From ‘SEA Games: Host Sharon Au apologises for insensitive remarks during opening ceremony’, 6 June 2015, article by Lee Min Kok, ST
Former MediaCorp actress Sharon Au has apologised for her attempt at mimicking an Indian accent during Friday night’s SEA Games opening ceremony pre-show at the National Stadium.
…Agence France-Presse (AFP) journalist Bhavan Jaipragas had accused Au of putting on a strong Indian accent to mock a young Indian girl sitting in the stands. He also said Au made fun of the girl’s name. Jaipragas detailed the controversial incident in a Facebook post on Friday evening, in which he called on Au and the organising committee to apologise.
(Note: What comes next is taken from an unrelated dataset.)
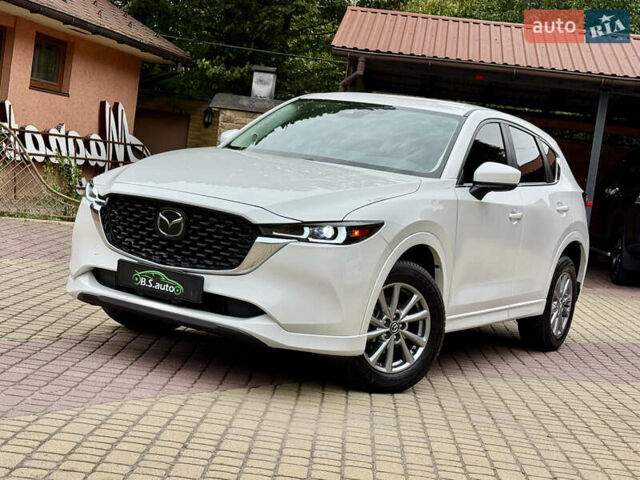 Білий Мазда СХ-5, об'ємом двигуна 2.5 л та пробігом 8 тис. км за 25500 $, фото 1 на Automoto.ua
“In an audience interaction segment before the start of the SEA Games opening ceremony at the National Stadium, emcee Sharon Au approached an Indian girl seated in the stands. The girl did not properly perform the act – saying aloud a line welcoming foreign contingents (others before her didn’t get it right too). Au, speaking into a mike and with the cameras trained on her, shockingly put on a strong Indian accent, and while shaking her head from right to left asked the girl: “What (Vat) happened? What happened?” he wrote.
Sharon Au is set to play Mrs Lee Kuan Yew in an upcoming musical, and here she is forced to apologise for putting on an Indian accent in front of an Indian kid, complete with unnecessary head movements. People have complained about thick Indian accents on radio and in plays, and anyone who takes Bollywood culture a step too far by going blackface at a Dinner and Dance are labelled downright racist. You also can’t buy a ‘Naan the Nay’ from Breadtalk without feeling that you’ve just ripped apart our social fabric.
Dick Lee didn’t have to say sorry when he did Indian impersonations in his song Mustapha. Maybe Jaipragas would have let it go if Au had put on a consistent Indian act throughout the entire opening ceremony, complete with sari, bhindi and song-and-dance too. I wonder if he has anything against the SEA games organisers calling a red-maned lion ‘Nila’.
The Indian accent is not the only one that you’ll need think twice before inserting in your comedy routine, even if you’re an ethnic Indian yourself. Michelle Chong’s domestic helper Leticia Bongnino was flamed too for her strong Pinoy accent, and the character has all but disappeared from the scene. Yet, chances are you may be spared from racism accusations if you do an exaggerated French accent or a PRC one. Someone I know gamely went full PRC during a dinner and dance skit, but no one threw duck wings at her or dunked her face in hotpot in disgust. People mimic bad American accents in front of Americans all the time, but no one calls them out for being ‘insensitive’ to American culture. If you mimic an American twang to be understood, you’re a poseur. If you mimic an Indian one, whether for practical purposes or comedy, you’re bloody racist.
As a public figure, Au should have known better, really. The kid may be too young to fully appreciate how she and her entire race were made fun of that day. But if you ever need an example of epic grand stage levels of party-pooping, then look no further.